So I'm helping a friend out with her 4th year uni project. She's a graphic design student and is re-designing a book called "20 Something, 20 Everything" by Christine Hassler. She asked me to re-write the content which I have gladly agreed to do. So far I've only re-written the introduction (which is rather lengthy) but gosh this book is relatable! It's actually quite ridiculous. Basically, the book's about the common belief amongst women in their 20s that everything must be achieved in this decade of their lives: successful grounding in a career, deciding where to live, whether you want to settle down and who with, whether you want kids or not etc etc. It's described in the book as a "quarter-life crisis" and is very common when you finish your education and being to experience feelings of anxiety around these issues.
Having recently graduated, I feel as though I can completely relate to what's raised in the book. Though I do have a job now, it's not what I want to be doing for the rest of my life, nor where I want to be living for too much longer. I'm single, while a lot of my friends have steady, serious boyfriends. I do want kids at some point but I also want to be a career woman. Because fertility drops significantly when you reach 30, I pretty much have to meet my potential husband now (considering dating them, marriage, enjoying married life sans kids etc). ARGH!

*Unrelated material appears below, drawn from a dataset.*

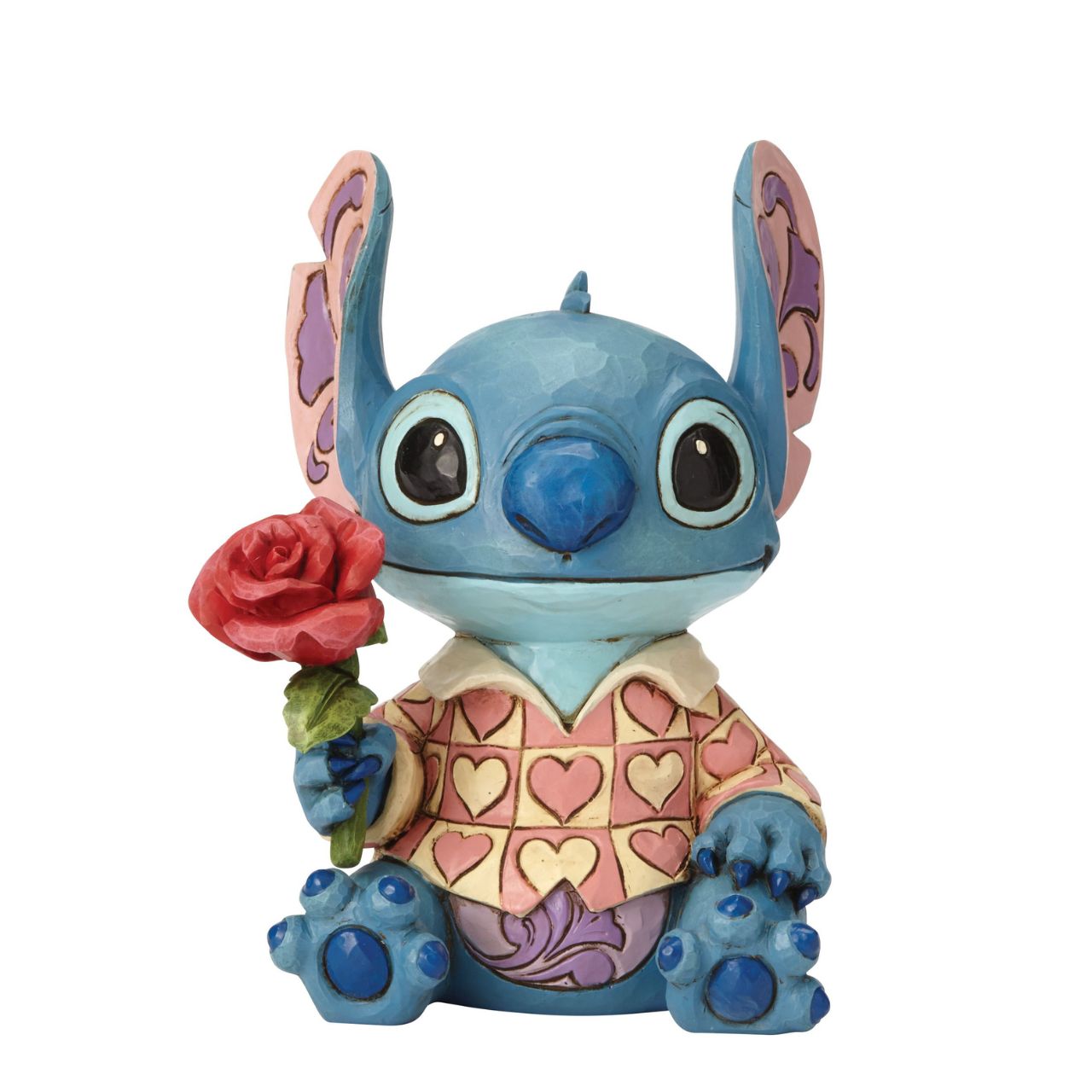 Jim Shore Clueless Casanova Stitch Figurine Stitch has transformed into a model citizen that Lilo would be proud of! Designed by Jim Shore, the adorable alien wears a heart-patterned shirt as he offers a single red rose. Stitch makes a great gift for your Ohana.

"With thoughts such as these going through most twenty-somethings' minds, clearly we need to discuss and be conscious of what happens in our twenties - and we need some guidance on how to deal with it all. Our twenties are a turning point in our lives when we feel the pressure to do, well, everything. As the security blankets of college and parents are peeled away, we are faced with finishing jobs, building careers, perhaps moving to new cities, separating from our old support systems, taking care of our own finances, dating, marriage, thinking about children, starting families making our first large investments, creating new social lives, watching our parents age, and shaping an identity to last the rest of our adulthood. Whew! That is more responsibility that we've ever been faced with."And it's funny cause we're never really warned about all this pressure that will come after you finish your education. I find this book really interesting thus far, and am intrigued to see how it deals with getting past a "quarter-life crisis". Can you relate?